Still, we should pay attention to the fact that at the same time as Levin and Rotman are accusing all the experts who warn against the reform of acting from a position, they are spearheading a program whose full significance lies in the fact that officials who have always been walled off from the political arena, will from now on be appointed and promoted by politicians. That is, those who believe that it’s all about a “position,” in fact want to take judges and legal advisors and make their careers depend on political actors.

This contradiction can be explained by several concepts from behavioral ethics. Studies in this field on the influence of personal interests on thought and behavior, have found that personal interests do have a strong effect on people’s behavior (leftists and rightists alike). The research reveals that we generally find it difficult to identify the impact of their self-interest on their decisions. On the other hand, we excel at attributing the influence of personal interests to the decisions and positions of others, especially when they threaten our own belief systems.

In this sense, behavioral ethics is even more suspicious than other disciplines with regard to the explicit and implicit influence that self-interest exerts on people’s decision-making processes, whatever their political views.

For example, the present author is affiliated with the legal academic world, most of whose members are dead-set against the revolution (even at the most conservative Israeli institution, Bar-Ilan), and is also a senior fellow at the Israel Democracy Institute. Do these affiliations influence me? Of course they do. All of us, including judges, are given to partiality and predispositions. But the solution that has been found in many legal contexts is the creation of independent institutions that are insulated, as far as is possible, from self-interests and that oversee the decisions of those who are more vulnerable to the impact of their self-interest.

The solution to the strong influence of one’s “position” is not an increase in the number of posts filled by political appointment or political control of the judicial branch.

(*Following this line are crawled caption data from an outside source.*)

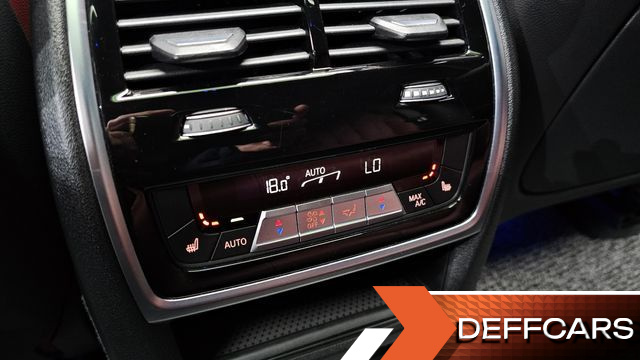 BMW X6 M50d купить на сайте DeffCars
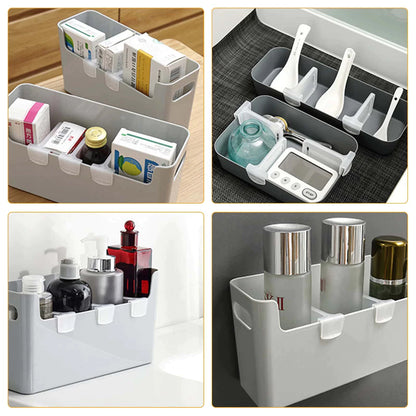 Refrigerator Side Door Divider Clip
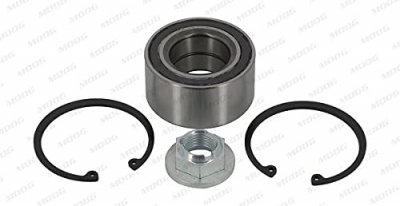 MOOG Kit de roulements de roue FD-WB-11186 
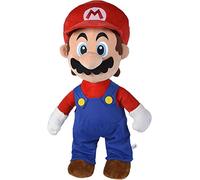 Super Mario Nintendo Plush Mario XXL, 70 cm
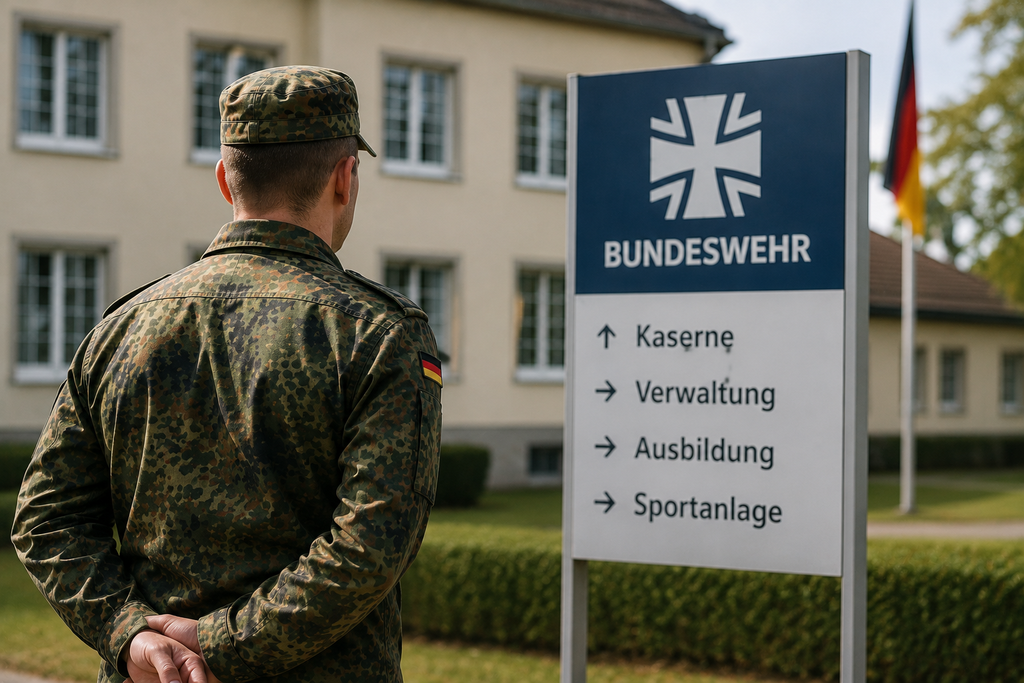 bundeswehr gehalt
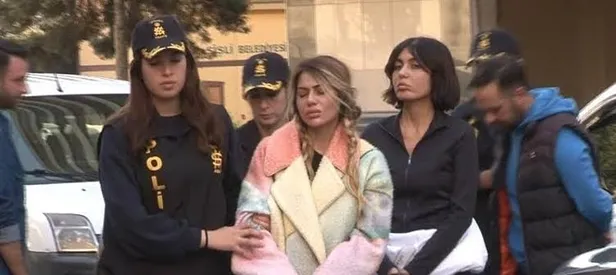 Seçil Erzan koğuş arkadaşım!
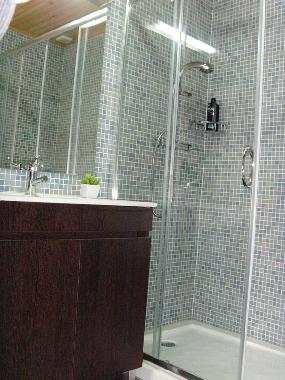 Ferienhaus in Vieira do Minho, Louredo (Norte) oder Ferienwohnung oder Ferienhaus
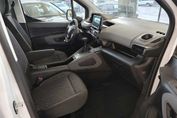 Peugeot Rifter L1H1 Allure MPV N1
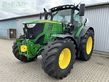 Tractor agrícola - John Deere - 6215r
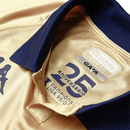 Camiseta hombre Deportivo de La Coruña edición especial dorada temporada 2025 2026 calidad 1.1 oficial, La Coruña Edición Especial, Camiseta Dépor Dorada, Deportivo La Coruña 25/26, Ropa barata Dépor, Calidad 1.1 Riazor, Tienda Hincha Futbolero, Lucas Pérez 2026, Bloke Core España, Camiseta dorada fútbol, Regalo fútbol Galicia.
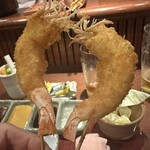 串かつ あーぼん - 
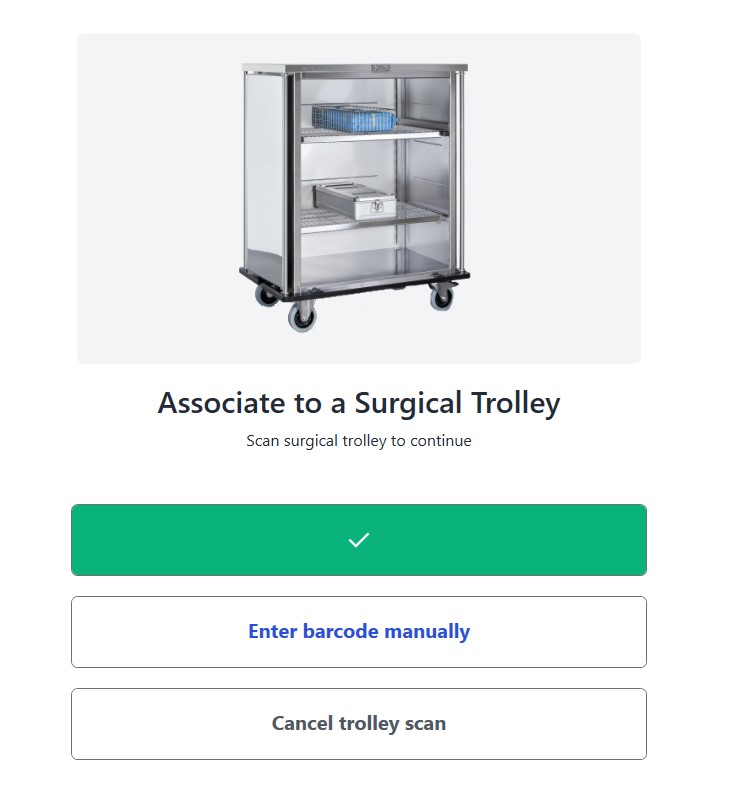 trolley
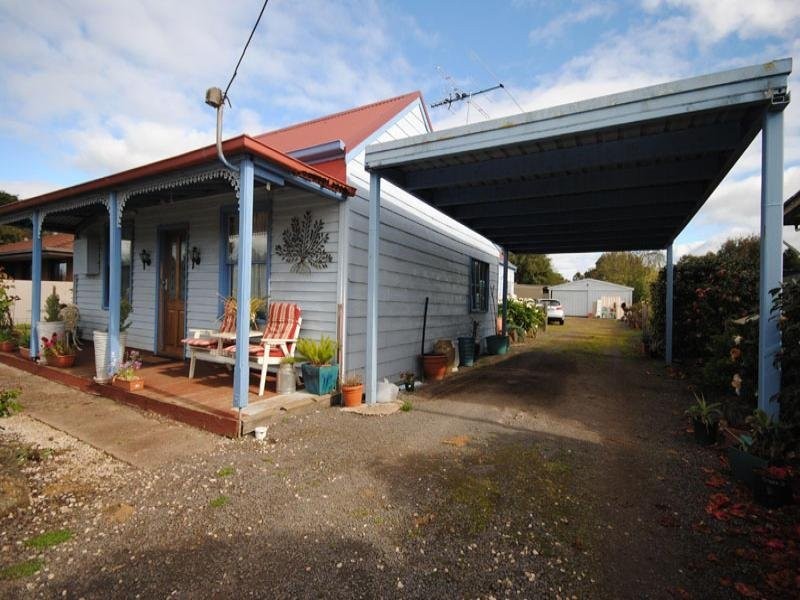 22 Mt Clay Road, Heywood VIC 3304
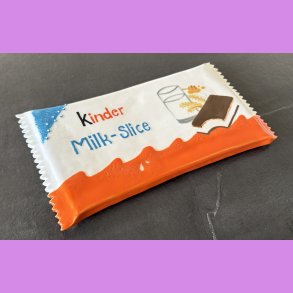M�lkesnitte nr. 8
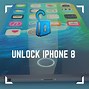 Image result for iPhone 8 IMEI Unlock iTunes 2020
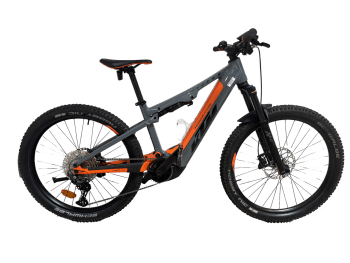KTM Lycan LTD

It is precisely the opposite: transparency with regard to decision-making, more institutions that are independent and professional and have the ability to arrive at decisions that are as detached as possible from the decision-makers’ individual interests.

Without delving into the question of whether judges are on a higher ethical plane than politicians, the judiciary is structured in a way that seeks to minimize the effect of judges’ self-interest: They hold lifetime appointments, so they do not owe their selection to anyone in particular, are well paid, eschew partisan political engagements or dishonorable activities, and so on. Politicians, who must be elected, sometimes thanks to a homogeneous core of supporters, need funds and favorable public relations in order to win elections and then serve for relatively short periods (which have been getting even shorter, because of the instability of the Israeli political system). Without alleging any stain on their ethics, all these diminish politicians' ability to set aside personal interests that may influence their conduct. The attempt to augment political influence over the judiciary, legal advisors, and part of the executive branch, while accusing all the experts who condemn the idea, of acting from a “position,” suffers from an internal contradiction. No doubt all of us have a point of view and are swayed by self-interest—far more than we acknowledge; but this is precisely why independent institutions were created. Increasing political control of those institutions is certainly not the way to make them more objective and insulated from self-serving considerations.

Prof. Yuval Feldman is a Senior Fellow at the Israel Democracy Institute and a researcher in the Faculty of Law at Bar-Ilan University.